- PROBLEM -
Keeping pictures out, repeat the lines of the listing below exactly, starting at its first line and finishing with the one that holds "Leah Phillips was".

- GIVEN MATERIAL -
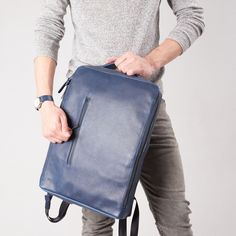 Saola Leather Laptop Backpack · Navy by Capra Leather Modern Backpack With Adjustable Strap For On-the-go, Modern Laptop Backpack With Adjustable Strap, Versatile Rectangular Blue Backpack, Functional Laptop Bag With Adjustable Strap, Blue Standard Backpack For Everyday Use, Modern Travel Accessories Backpack With Zipper Pocket, Modern Laptop Bag With Adjustable Strap For School, Versatile Backpack With Detachable Strap For Business, Everyday Blue Standard Backpack Travel Bag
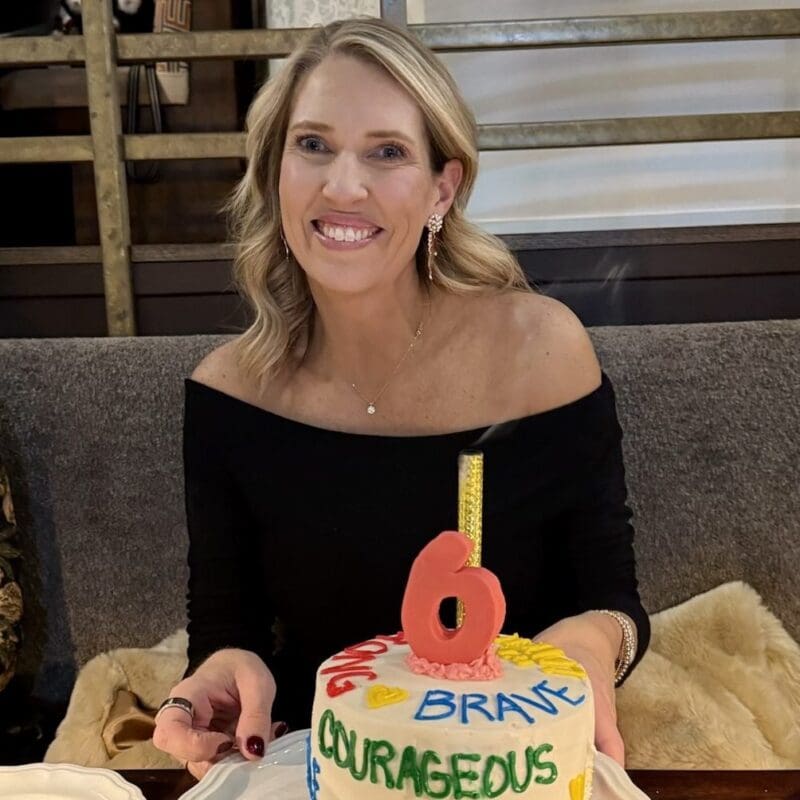 Leah Phillips was diagnosed with stage IV EGFR NSCLC in 2019 at 43 years old. She is celebrating her 6 years of survival with a cake in front of her while she is smiling.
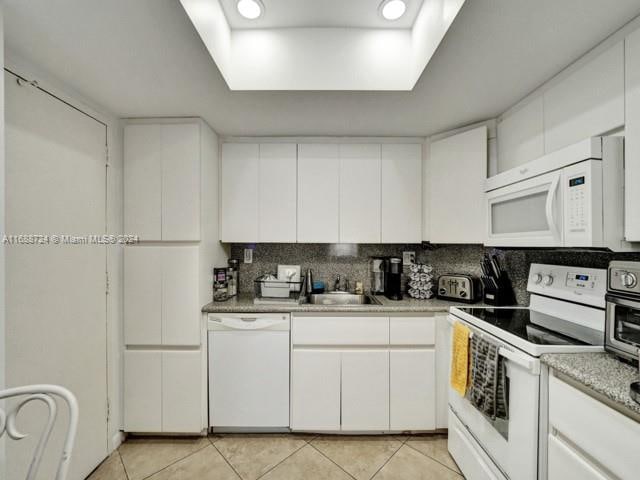 kitchen with white cabinets, sink, and white appliances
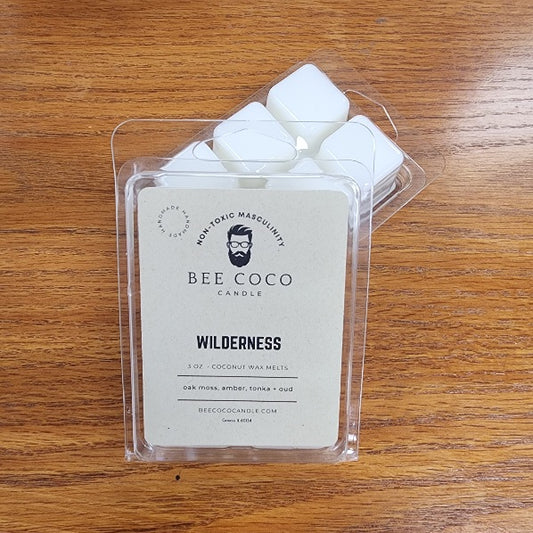 Pack of Bee Coco Candle wax melts on a wooden surface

- WRITTEN RESPONSE -
 Saola Leather Laptop Backpack · Navy by Capra Leather Modern Backpack With Adjustable Strap For On-the-go, Modern Laptop Backpack With Adjustable Strap, Versatile Rectangular Blue Backpack, Functional Laptop Bag With Adjustable Strap, Blue Standard Backpack For Everyday Use, Modern Travel Accessories Backpack With Zipper Pocket, Modern Laptop Bag With Adjustable Strap For School, Versatile Backpack With Detachable Strap For Business, Everyday Blue Standard Backpack Travel Bag
 Leah Phillips was diagnosed with stage IV EGFR NSCLC in 2019 at 43 years old. She is celebrating her 6 years of survival with a cake in front of her while she is smiling.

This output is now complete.